◆ **WORK TO COMPLETE**
Your copy should begin at the line containing "A Small Turtle Is Being Fed By Someone" and end at the last line of the records below, matching each line exactly and leaving out pictures.

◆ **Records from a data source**
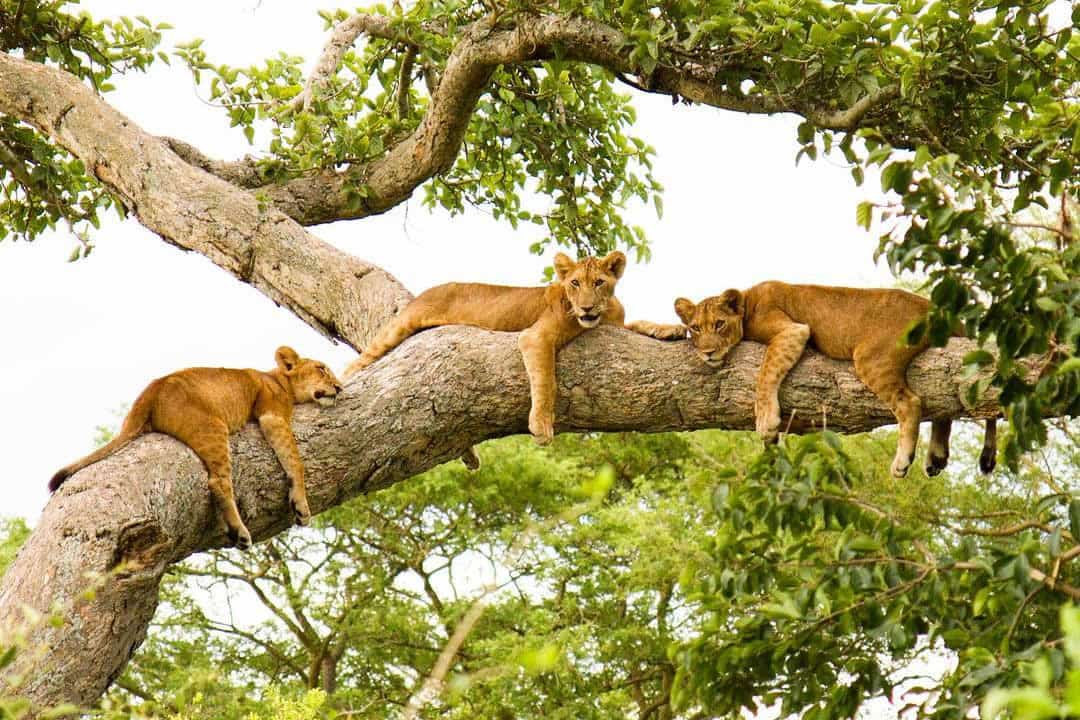 Tree-Climbing Lions of Ishasha: A Unique Safari in Queen Elizabeth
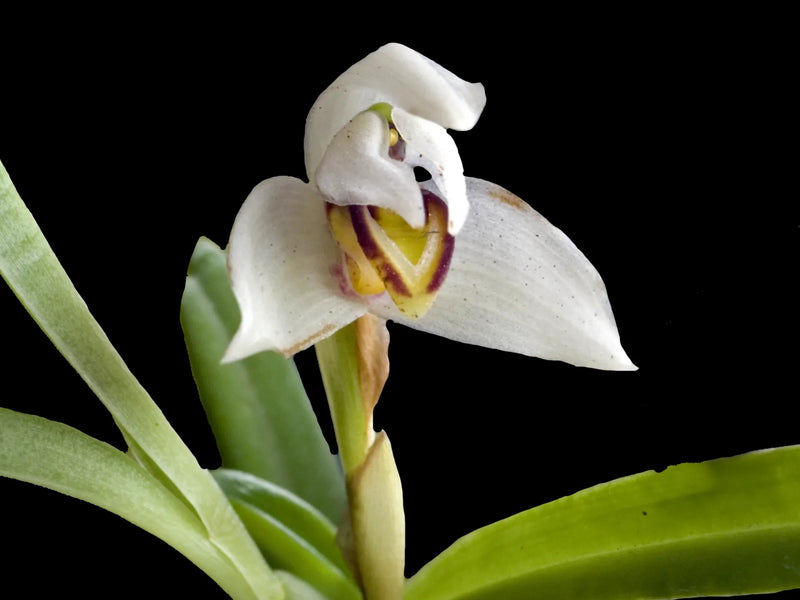 Maxillaria notylioglossa alba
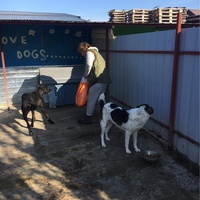 photo de livraison pour Asoc. Dam o sansa la viata animalelor abandonate si maltratate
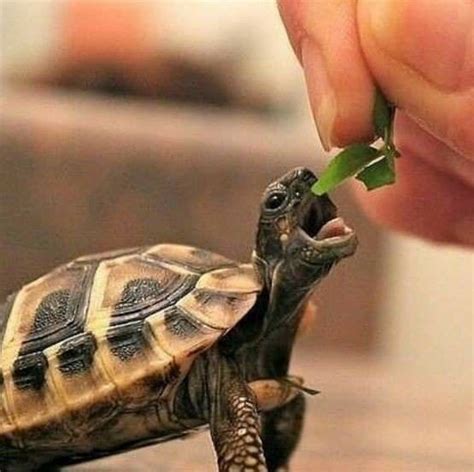 A Small Turtle Is Being Fed By Someone
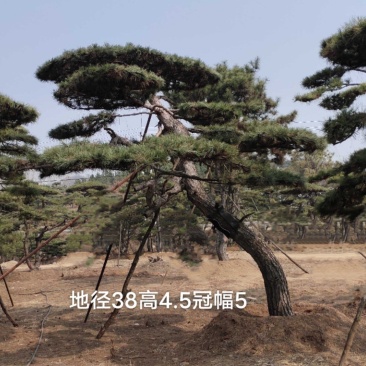 大型古松，精品造型松量大质优价格优惠欢迎各大老板采购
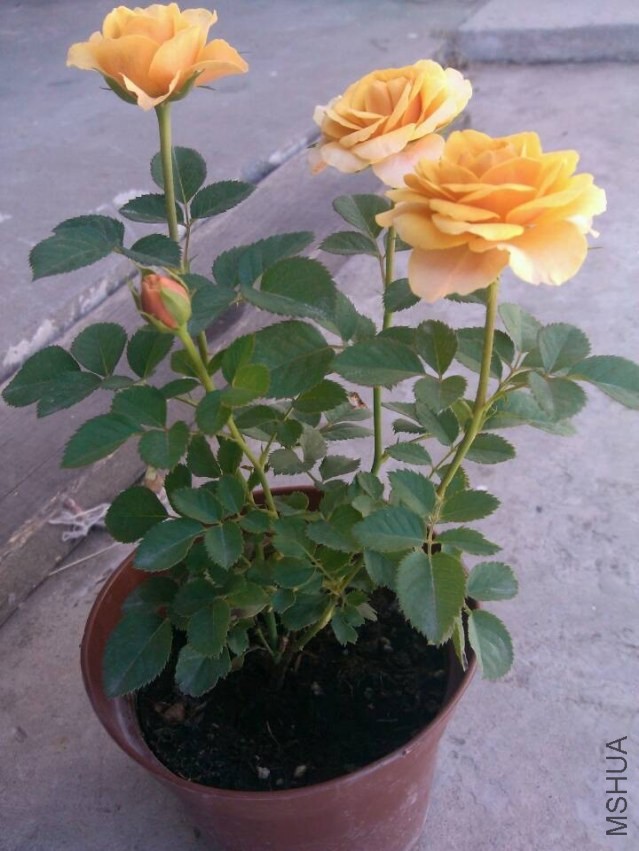 QQͼƬ20131004212301.jpg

◆ **EXPECTED ANSWER**
 A Small Turtle Is Being Fed By Someone
 大型古松，精品造型松量大质优价格优惠欢迎各大老板采购
 QQͼƬ20131004212301.jpg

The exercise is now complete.